Citations de personnalités

Tant que les hommes continueront à être les destructeurs impitoyables des êtres animés des plans dits inférieurs, ils ne connaîtront ni la santé, ni la paix.

Tant que les hommes massacreront les Bêtes, ils s’entre-tueront.
Ceux qui sèment le meurtre et la douleur ne peuvent, en effet, récolter la joie et l’Amour!

Pythagore ( Astronome, mathématicien, et philosophe grec qui a vécu il y a 2600 ans )

Quand un homme désire tuer un tigre, il appelle cela sport.

Quand un tigre désire le tuer, il appelle cela férocité.

( George Bernard Shaw, 1856-1950, écrivain irlandais (théâtre), prix Nobel de littérature en 1925 )

« J’ai commencé à réaliser que je désobéissais à ma règle de vie qui dit : Je ne demanderai à personne de faire des choses pour moi que je refuserais de faire moi-même ».

Et comme je ne tuerais aucune créature, pas même un poulet ou un poisson, j’ai donc cessé immédiatement de manger toute forme de chair.

Je n’ai mangé aucune chair depuis de nombreuses années, ni viande, ni poissons, ni volaille.

J’ai appris depuis lors que c’est néfaste pour la santé, d’en manger. Mais, à cette époque, j’étendais simplement mon amour, non seulement aux êtres humains, mais aussi à toutes les créatures qui sont mes compagnons.

Ainsi, j’ai cessé de les blesser et de les manger. »

(Peace Pilgrim, 1908-1981, de son vrai nom Mildred Lisette Norman, militante pacifique américaine qui a parcouru à pied pendant 28 ans des milliers de kilomètres à travers les Etats-Unis pour répandre ses idées sur la paix)

« Aimer les animaux?

Sans doute, mais ce qui importe avant tout, c’est de les défendre, de les protéger, et d’accepter la grande leçon que nous donnait Albert Schweitzer le jour où, rencontrant un troupeau d’hippopotames sur le fleuve Ogooué, il nous incitait au respect de la vie, de toute vie, formule qui pourrait, disait-il, devenir la base d’une morale nouvelle.

Beaucoup d’hommes cependant ignorent encore que l’animal est un être sensible et souffrant, trop souvent considéré comme un objet ou un matériel, aberration que la théorie cartésienne de l’animal-machine devait malheureusement conforter.

On connaît l’anecdote du doux Malebranche donnant des coups à une chienne gravide qui se met à crier, et répondant à Fontenelle qui proteste contre cette brutalité : « Il ne s’agit que d’air passant par des tuyaux sonores… Cela ne sent pas. »

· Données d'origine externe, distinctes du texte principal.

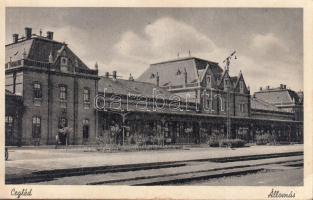 Cegléd vasútállomás (EB)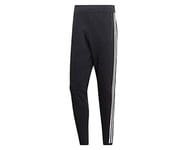 adidas Men M Id Tiro Knit Sport Trousers - Black, X-Large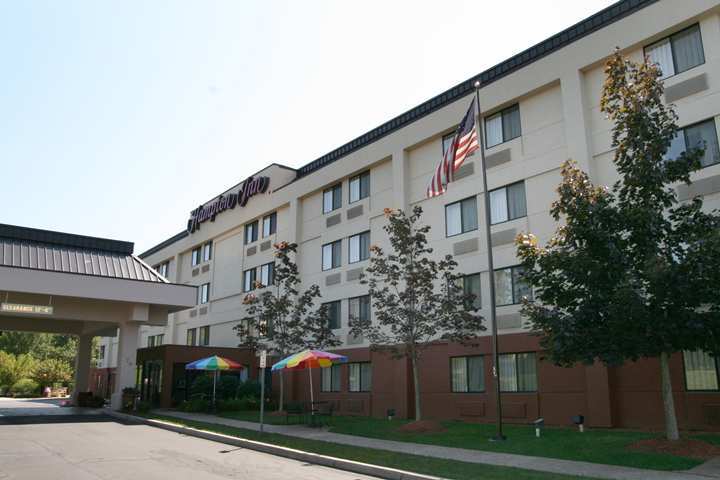 Holiday Inn Express Hartford South - Rocky Hill, An Ihg Hotel Buitenkant foto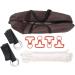 Tough-1 Picket Line Kit: Durable and Reliable Equine Tethering Solution - Buy Online on GoSupps.com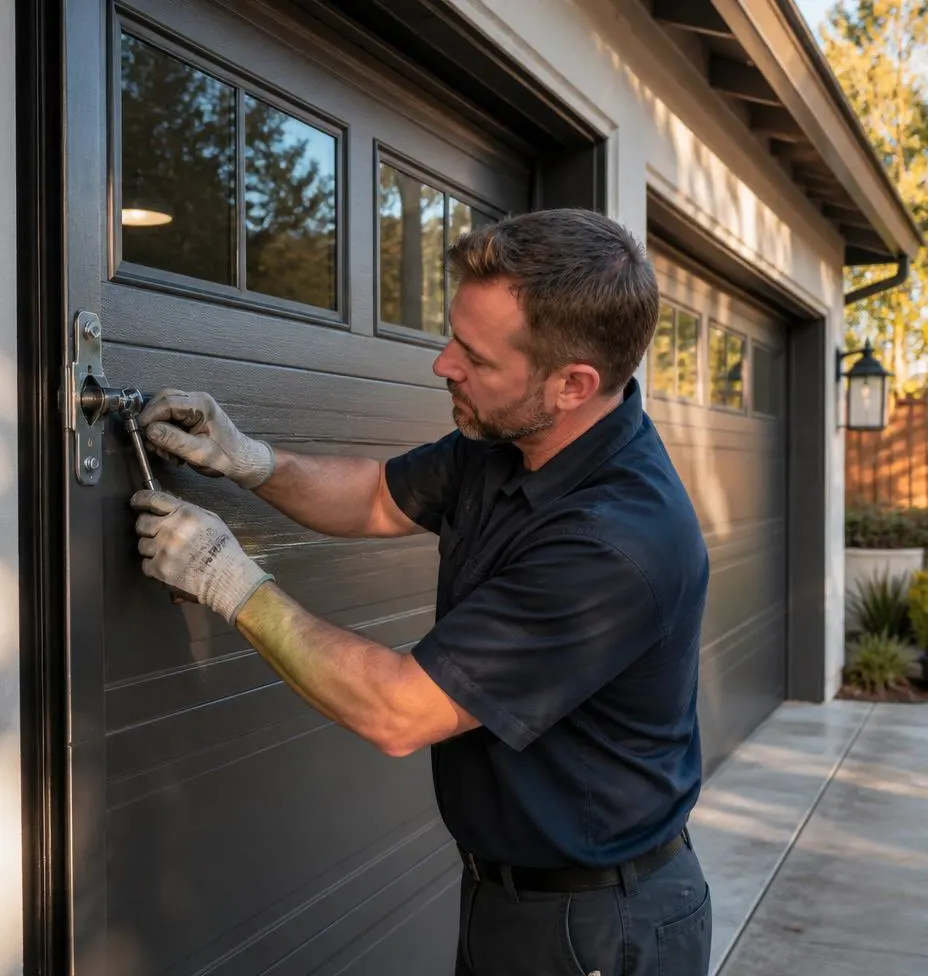 The 1990s Garage Door Argument: What to Retrofit, What to Leave Be — Mooresville Garage Door, Mooresville, IN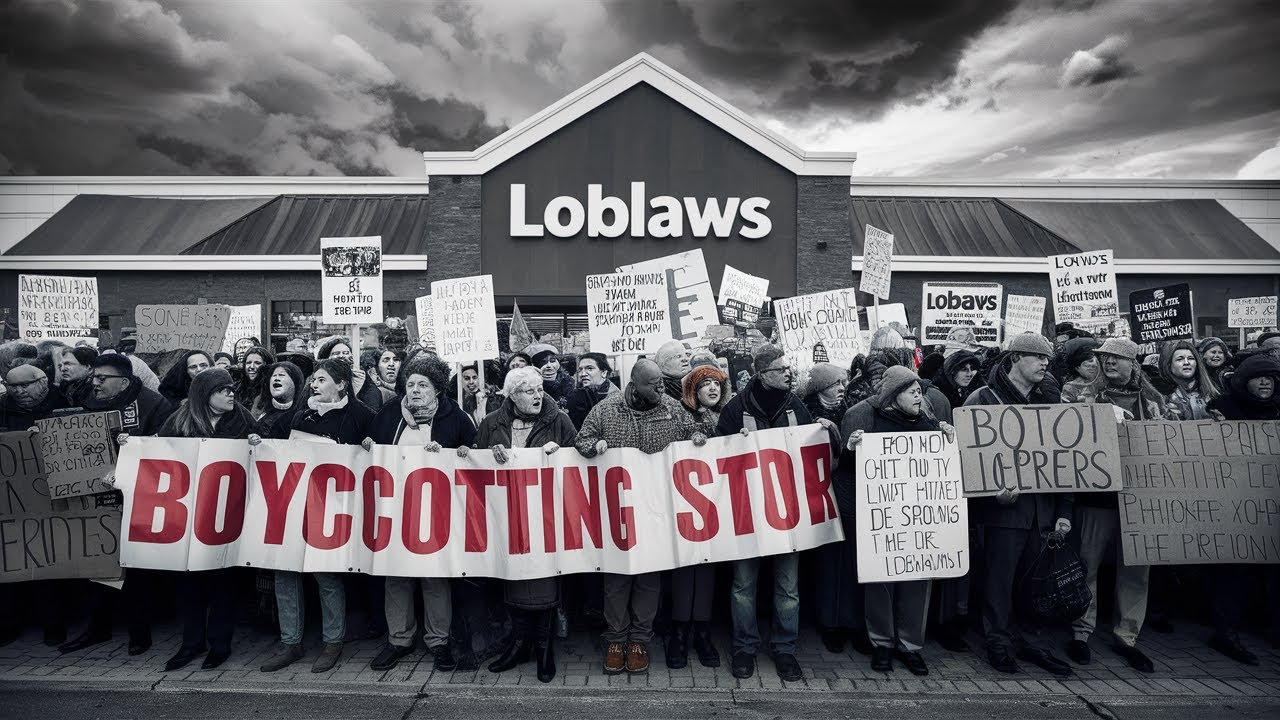 Unpacking the Loblaw Boycott A Deep Dive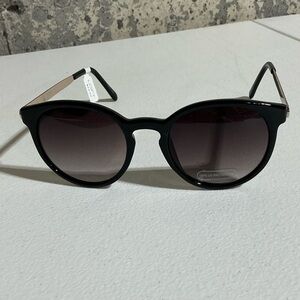 NWT LOFT Black Sunglasses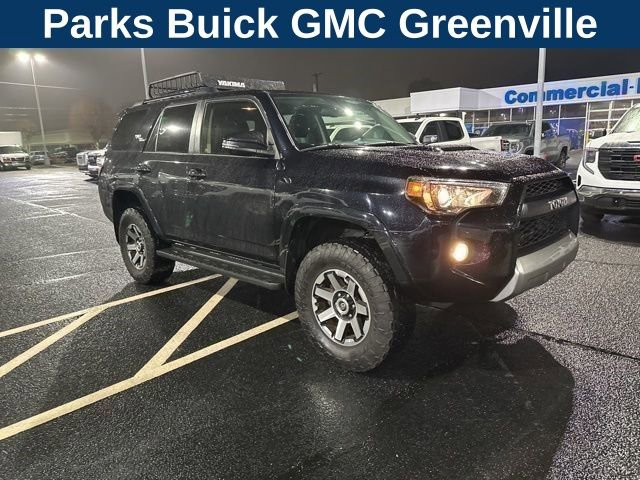 2019 Toyota 4Runner TRD Off-Road Premium's photo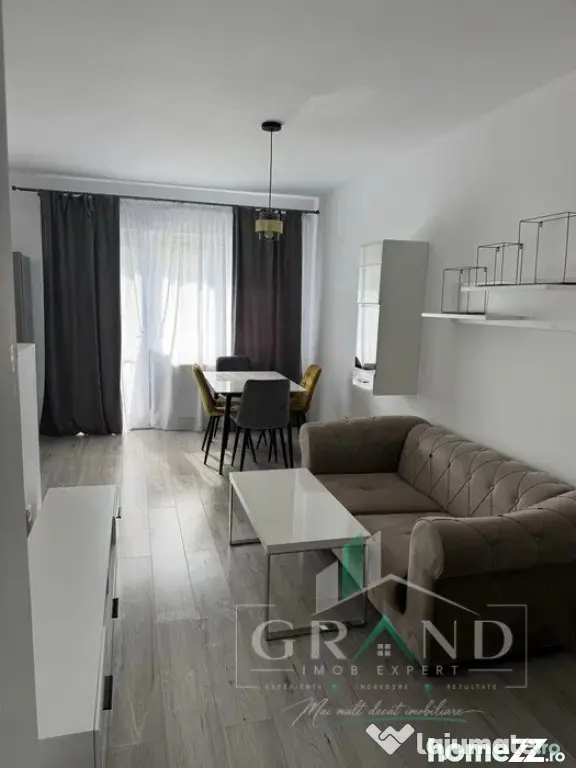 Apartament NOU în Florești + parcare subterană - Floresti (Cluj)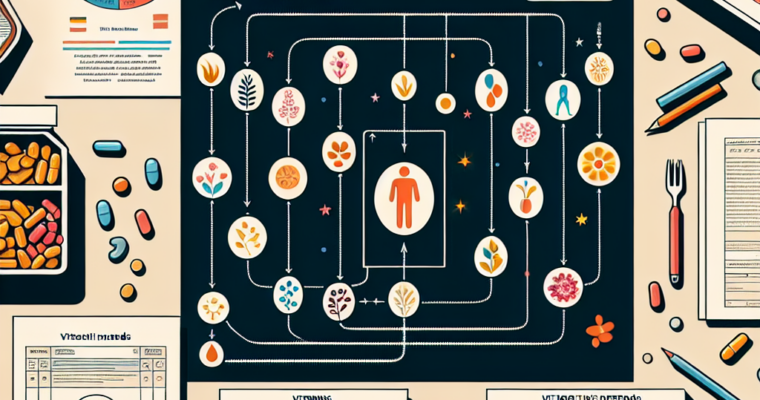 Designing Your Personalized Vitamin Routine with Human Design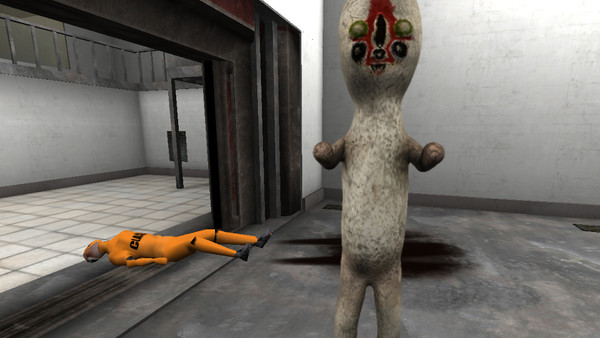 Scp video shop game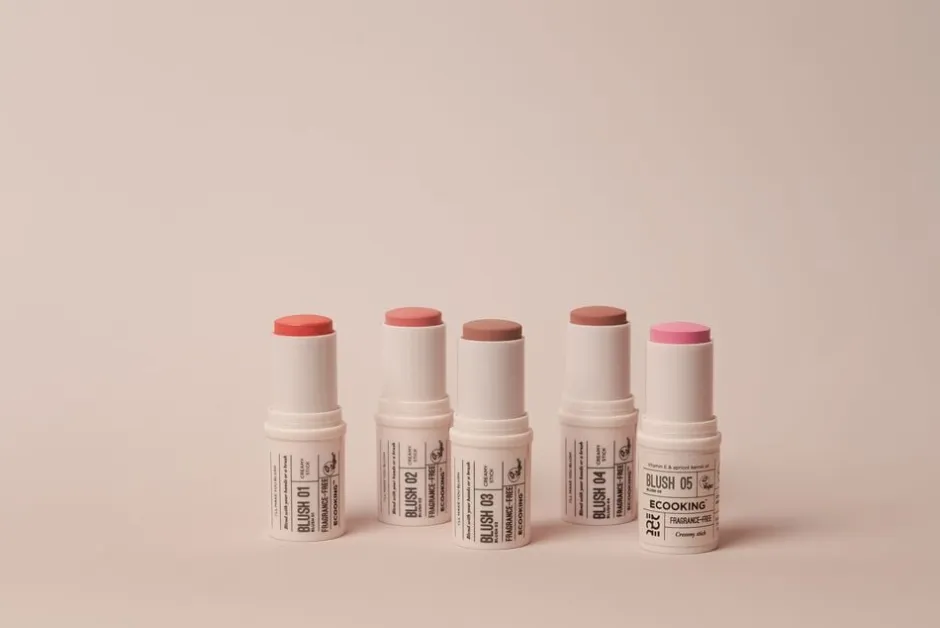 ECOOKING Ansigt>Blush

( Théodore Monod, 1902-2000, scientifique naturaliste, explorateur et humaniste français.   Grand spécialiste du désert, il y fit de nombreuses expéditions à pied -jusqu’à 900 km,  sans point d’eau. Il militait contre tout ce qui, selon lui, menace ou dégrade l’homme : la guerre, la corrida, la chasse, l’alcool, le tabac, la violence faite aux humbles. Son credo : le respect de la vie sous toutes ses formes. Wikipédia )

« Je ne songe pas sans malaise au nombre de bœufs, poulets, moutons, lapins, pigeons, sardines, porcs, oies, crevettes, soles, canards […] qui ont été sacrifiés pour moi. »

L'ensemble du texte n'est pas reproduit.